Top of MATERIAL PROVIDED
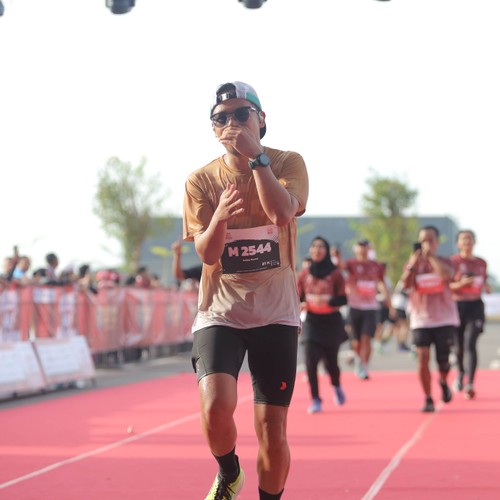 Race photo from KEDIRI HALF MARATHON 2026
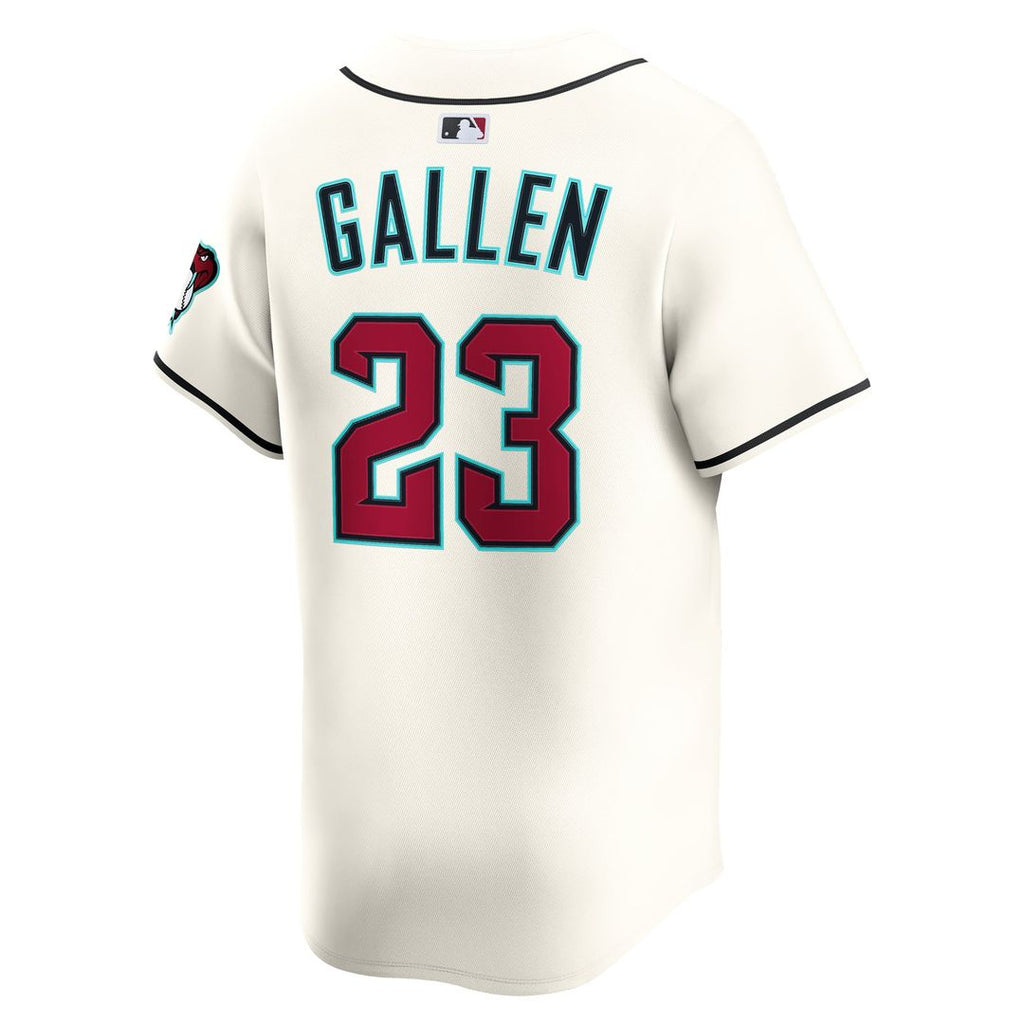 Men's Arizona Diamondbacks Zac Gallen Nike Cream Home Limited Player Jersey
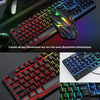 RGB gaming keyboard & mouse combo, backlit, 104 keycaps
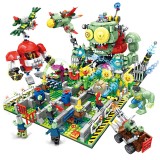 wholesale - Plants Vs Zombies Battle with The Final Boss Building Kit Blocks Mini Figure Toys 2284Pcs Set JX90127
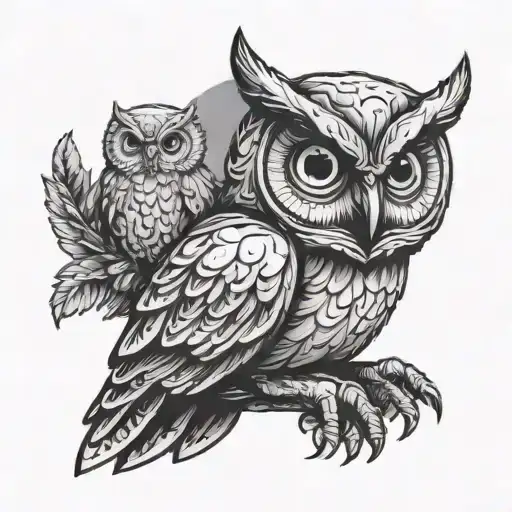 A Software Developer Coding With An Owl Sitting On Their Shoulder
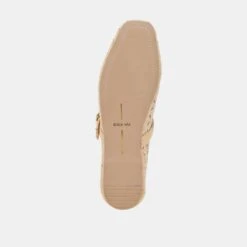 RODNI EYELET PERF BALLET FLATS LT NATURAL WOVEN RAFFIA(Rodni Eyelet Perf Ballet Flats Lt Natural Woven Raffia) -Dolce Vita Shop DOLCEVITA FLATS RODNIEYELETPERF LTNATURALWOVENRAFFIA 07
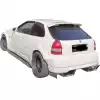 VSaero FRP MAM Wide Body Fender Flares (rear) 3pc 60mm for Honda Civic EK 1996-2000 > 3dr Hatchback - Image 25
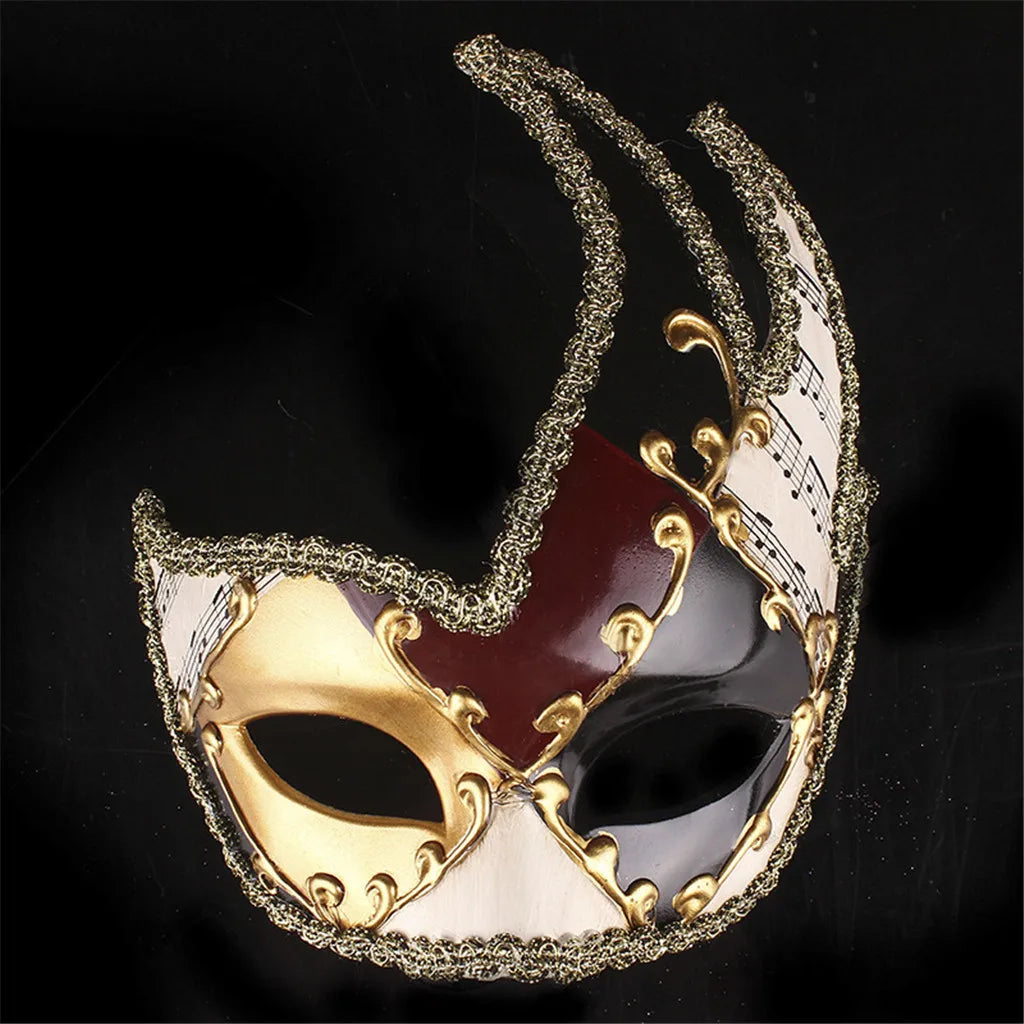 Venetian Masquerade Half-Face Mask | 14 Colors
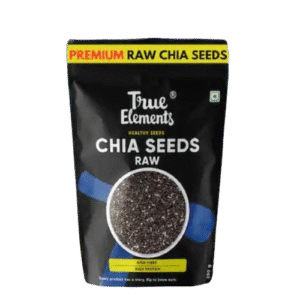 True Elements Chia Seeds 250g - Non-GMO| Rich in Omega -3 & Fibre| Healthy Snacks for Weight loss Pu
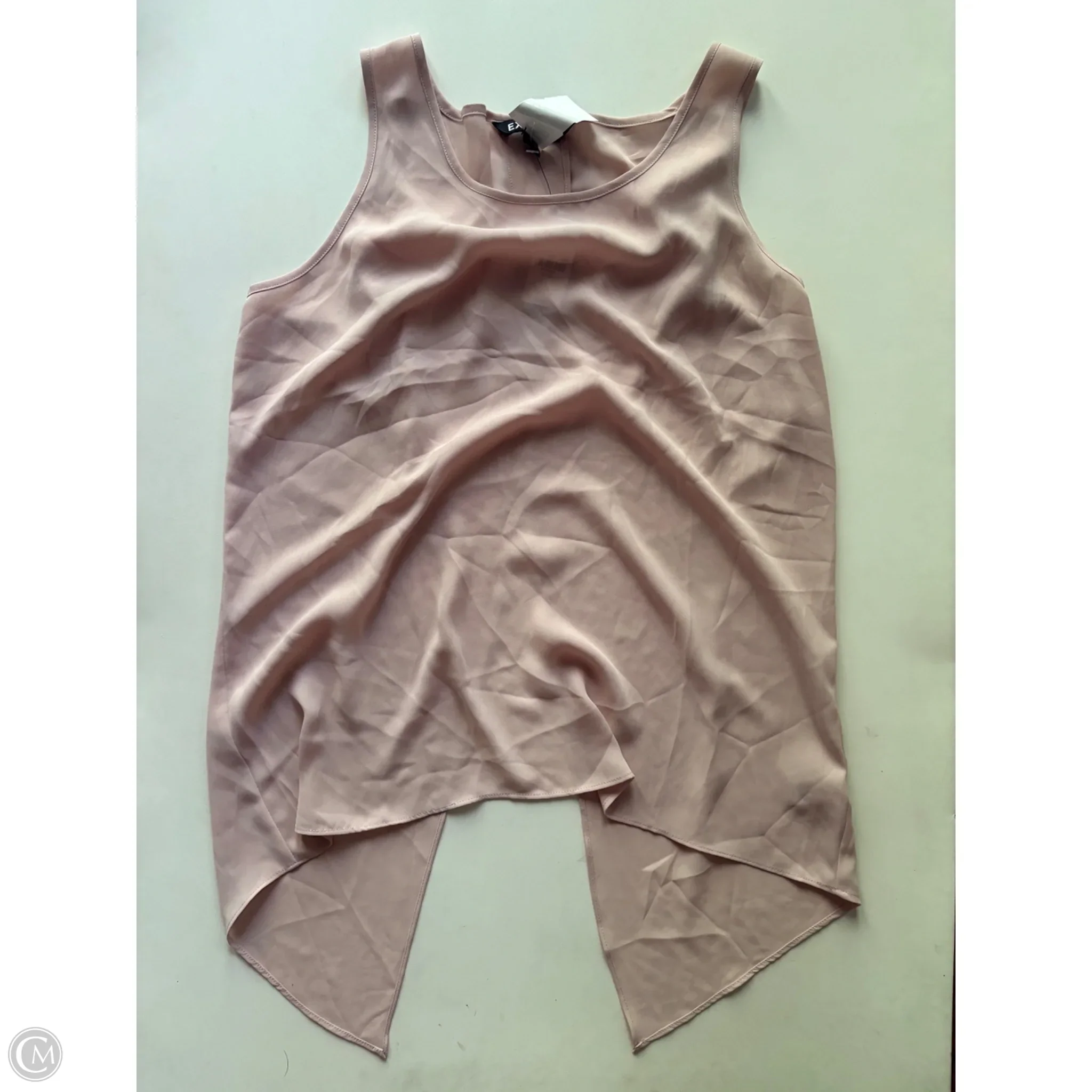 Blouse Sleeveless By Express In Pink, Size: M - Image 1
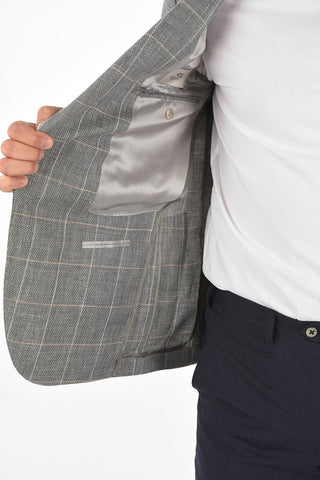 CC COLLECTION check side vents 2-button REWARD blazer drop 7R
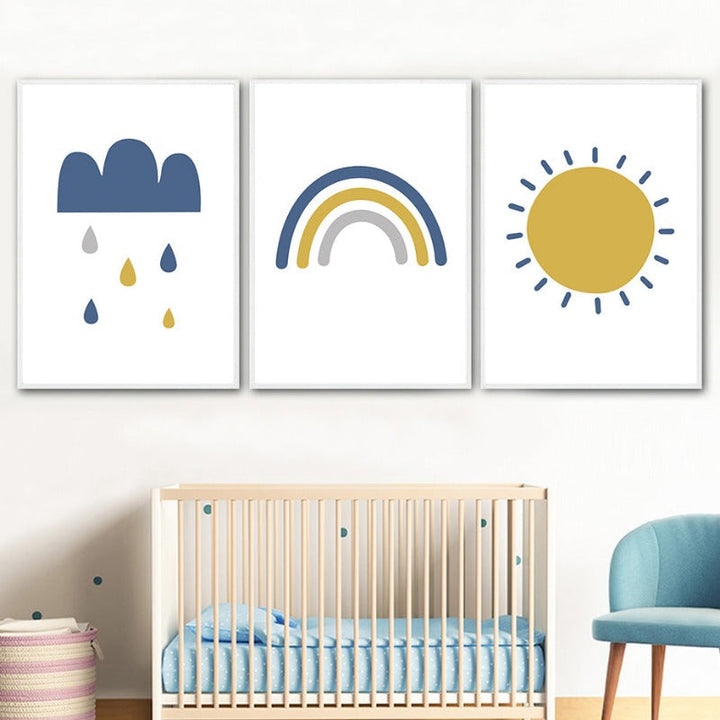 Sunny Rainbow - Canvas Wall Art Painting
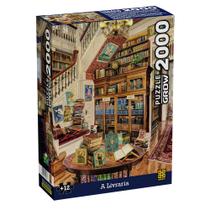 Puzzle 2000 peças A Livraria - Grow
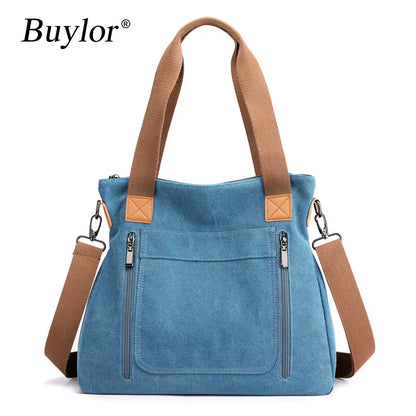 Elarova | Schultertasche Canvas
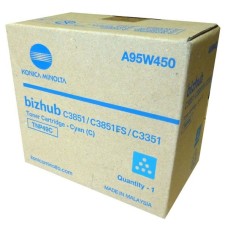 Konica Minolta TNP49C Cyan toner A95W450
Bottom of MATERIAL PROVIDED
→ EXERCISE AIM
From the line containing "Sunny Rainbow - Canvas Wall Art Painting" to the last line of the entries, output every line exactly as written, but leave out the pictures.

→ RESPONSE TO THE EXERCISE
 Sunny Rainbow - Canvas Wall Art Painting
 Puzzle 2000 peças A Livraria - Grow
 Elarova | Schultertasche Canvas
 Konica Minolta TNP49C Cyan toner A95W450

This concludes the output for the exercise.